An indie developer has come out to defend the Wii U, claiming that suggestions of difficulty working on it are "needless".
Dakko Dakko's Rhodri Broadbent, who is currently developing platformer/shooter hybrid Scram Kitty And His Buddy On Rails, recently told Official Nintendo Magazine that working on the Wii U is not as troublesome as some developers claim.
"We've found Nintendo to be tremendous to work with, and very supportive of Scram Kitty and his Buddy on Rails right from the start," he said.
"In recent weeks there has been a bunch of concerned chatter online about out-of-date information and needless negativity around Wii U development. I think it comes down to approach and expectation as to how much fun (or otherwise) a developer will have making games on any platform.
"To me, bringing your game to a Nintendo system should be about taking advantage of the toybox of possibilities they provide you with in terms of the controllers, the two screen setup, Miis, and so on. There's so much to use, learn from, and build on."
He continued: "Some developers quite understandably simply want an easy way to bring their established game over to a new platform. In that case, the more similar the system and the development tools, the happier they'll obviously be.
"Those developers make up an important and sizeable chunk of the industry, but it shouldn't be the dominant one and it shouldn't be the only voice we hear.

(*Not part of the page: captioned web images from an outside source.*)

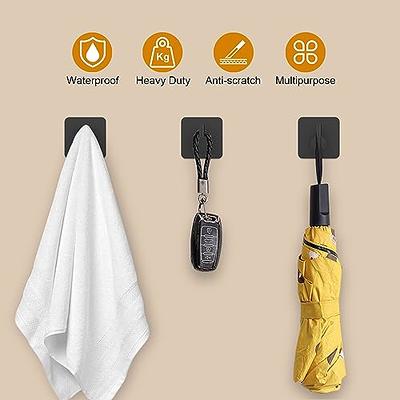 Honmein 6 Pcs Adhesive Wall Hooks for Hanging - Waterproof Shower
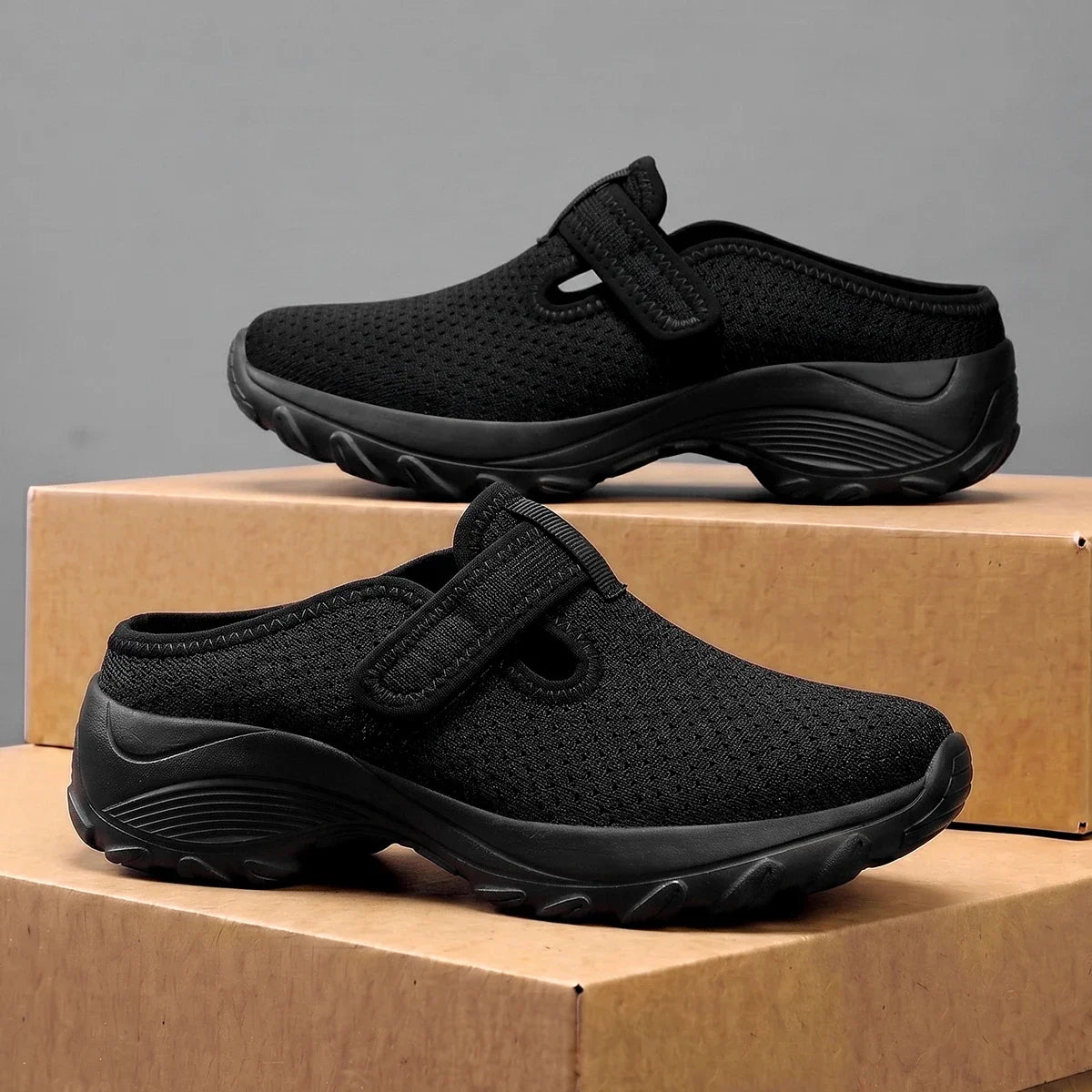 Tênis Mule Casual Virela™ com Cabedal em Malha Respirável e Solado Esportivo Anatômico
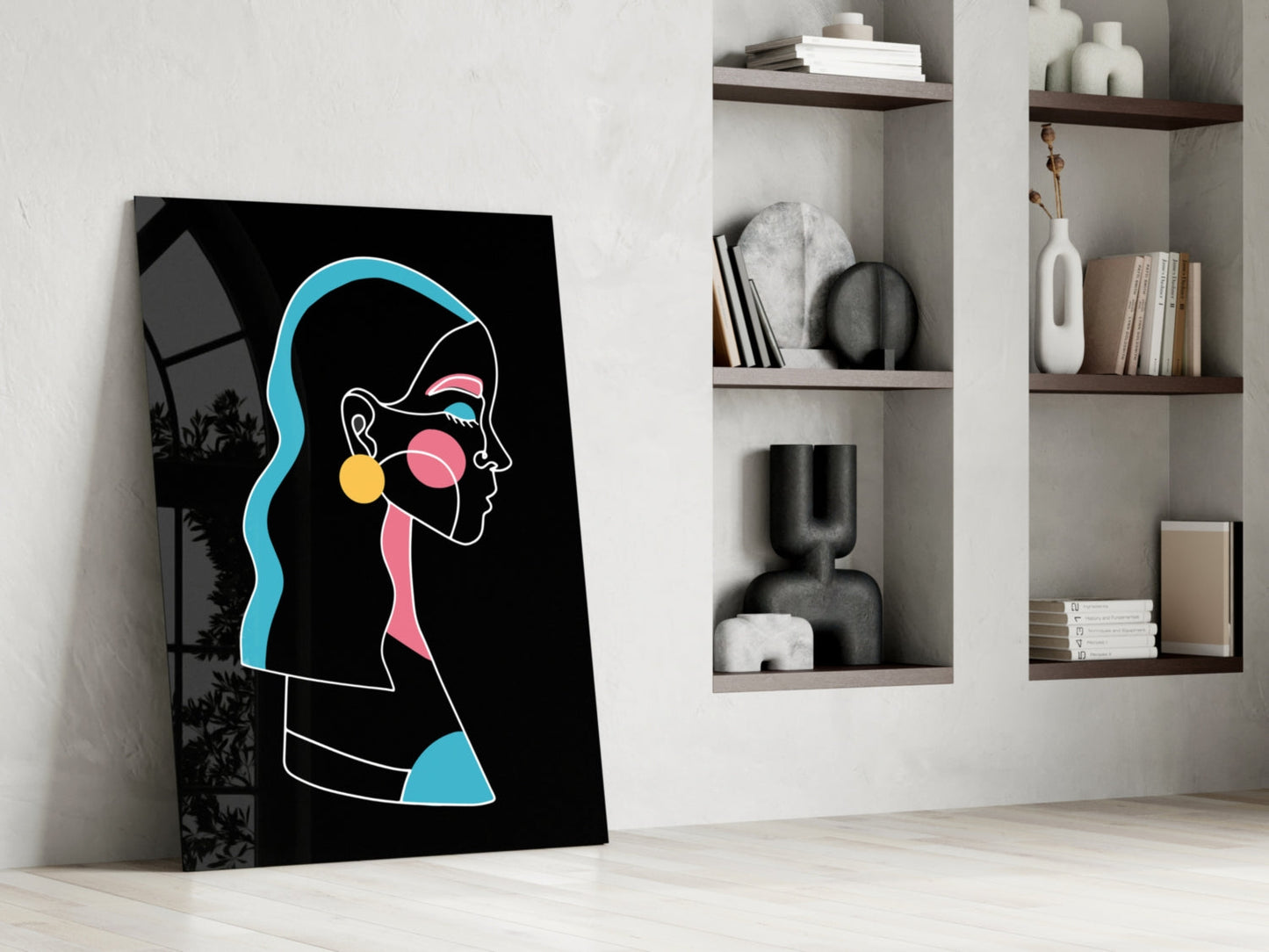 Blue Hair Profile Woman Glass Wall Art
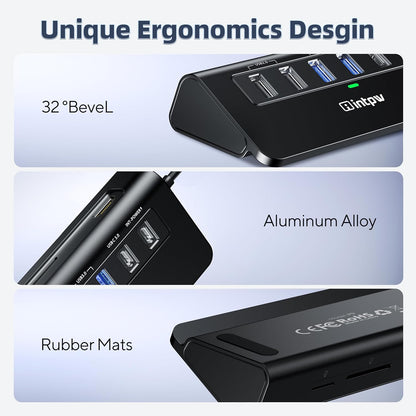 USB C Hub, INTPW 9-in-1 USB C to HDMI Adapter with 4K HDMI, PD 100W, USB-C and 2 USB A 3.0 5Gbps, 2 USB A 2.0, SD/TF Slots for MacBook Pro/Air, iPad Pro, iPhone 15/16 Series and Other Type C Devices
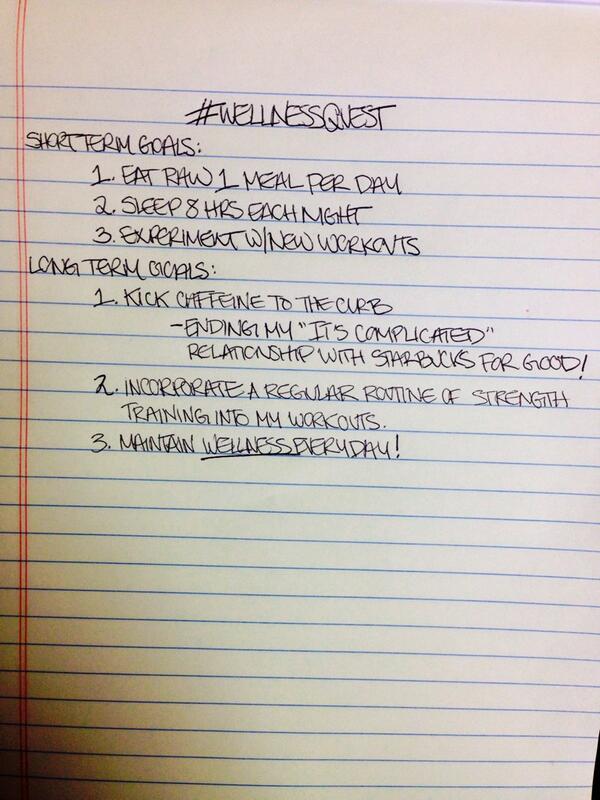 lisapriceinc's tweet image. Day 1: Write 3 short term and 3 long term health goals. #wellnessquest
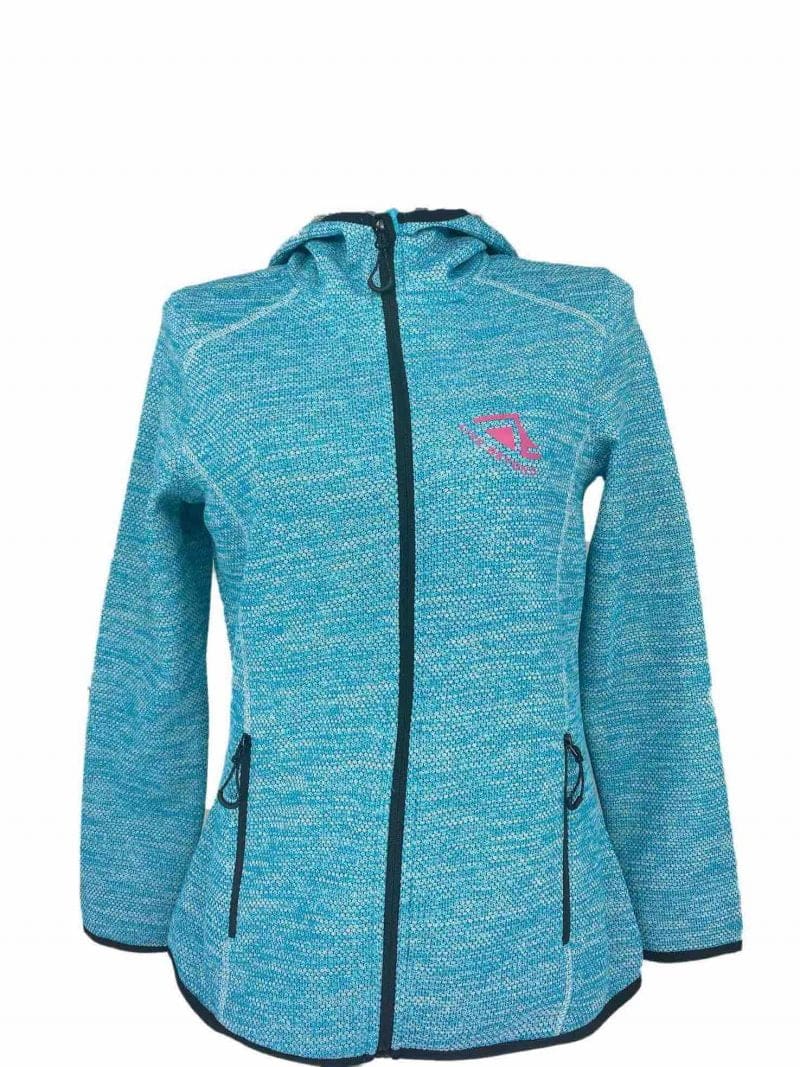 Front on image of Ladies Recycled hooded fleece in Turquoise with Pink 'Live Beyond' print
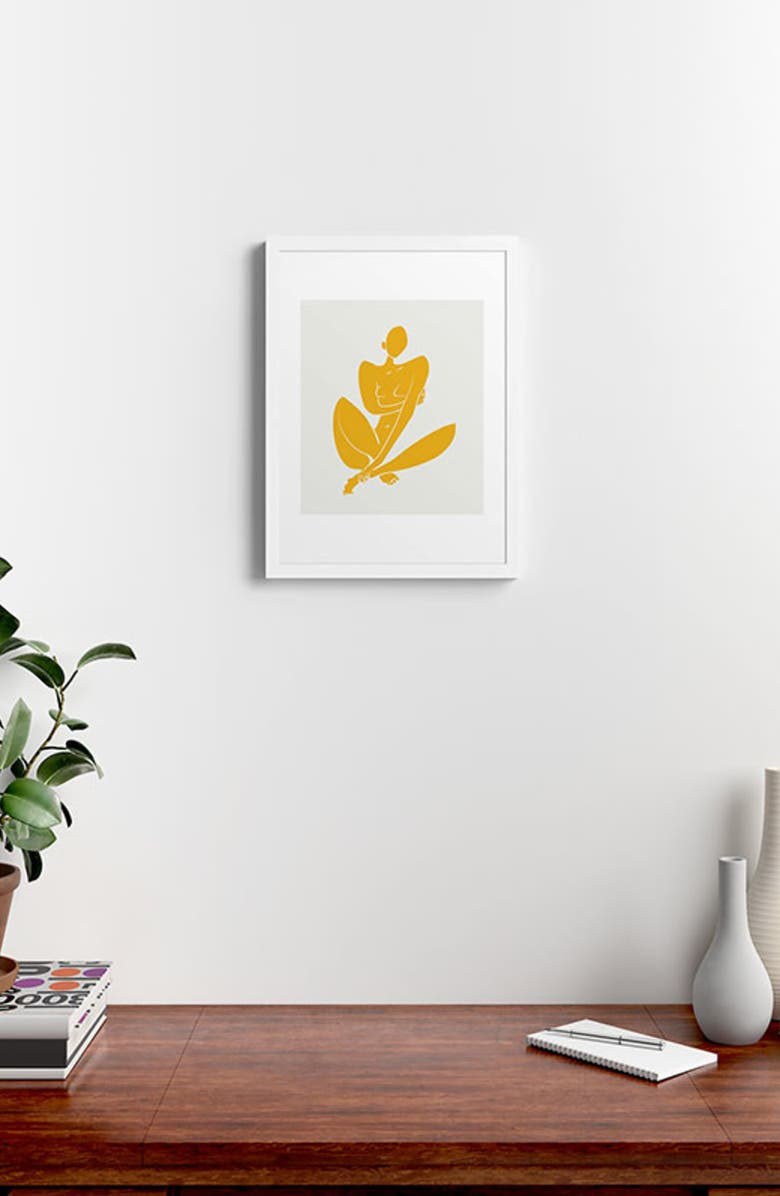 Deny Designs Nude in Yellow Framed Art Print, Alternate, color, Yellow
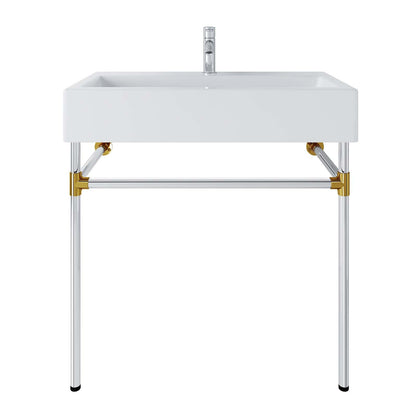 Redeem 32" Silver Stainless Steel Wall-Mount Bathroom Vanity by Modway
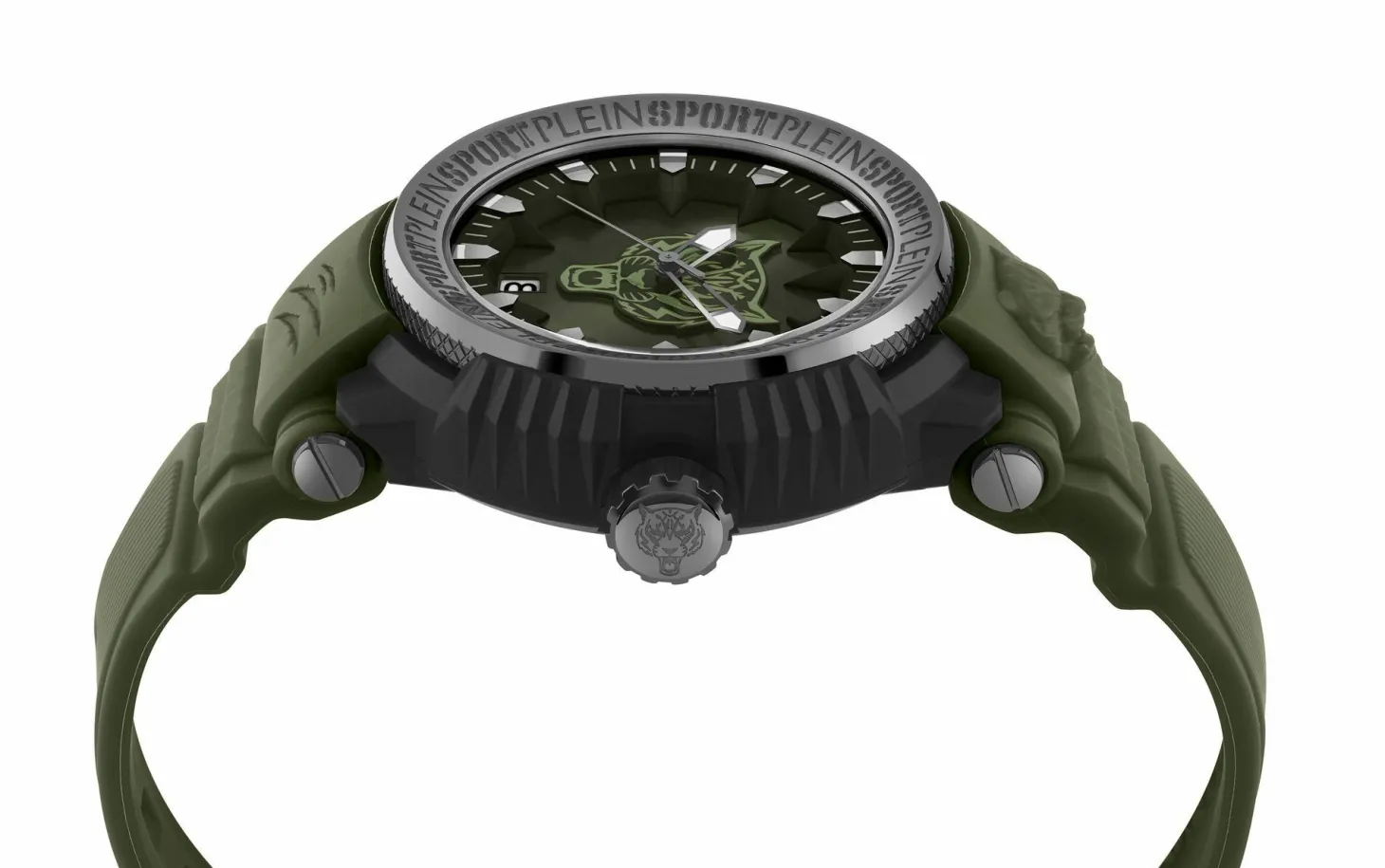 Philipp Plein Herren Uhr Tiger Power PSEDA0524 Grün/Synthetic 45 mm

As both consumer and developer I want unique systems, and games tailored to those systems, playing to strengths and mastering the quirks and charms of the target hardware. If that has to necessarily mean that certain elements won't be the same as they are on another games machine, then so be it. In fact, that's better. Choice is always good."
"What is disappointing to me about the recent online chatter hasn't been the not-at-all surprising revelation that some developers get unhappy that games development isn't always easy on pre-launch hardware. We've all been there at some point.
"What's disappointing to me is that there appear to be so few of the larger publishers interested in making things specific to a platform any more. We'll be much poorer off as gamers if cross-platform homogeny sets the agenda for platform holders. A platform's individuality and its exclusives are what you'll remember in 20 years time. And Nintendo has already ensured that Wii U will be fine with regard to those."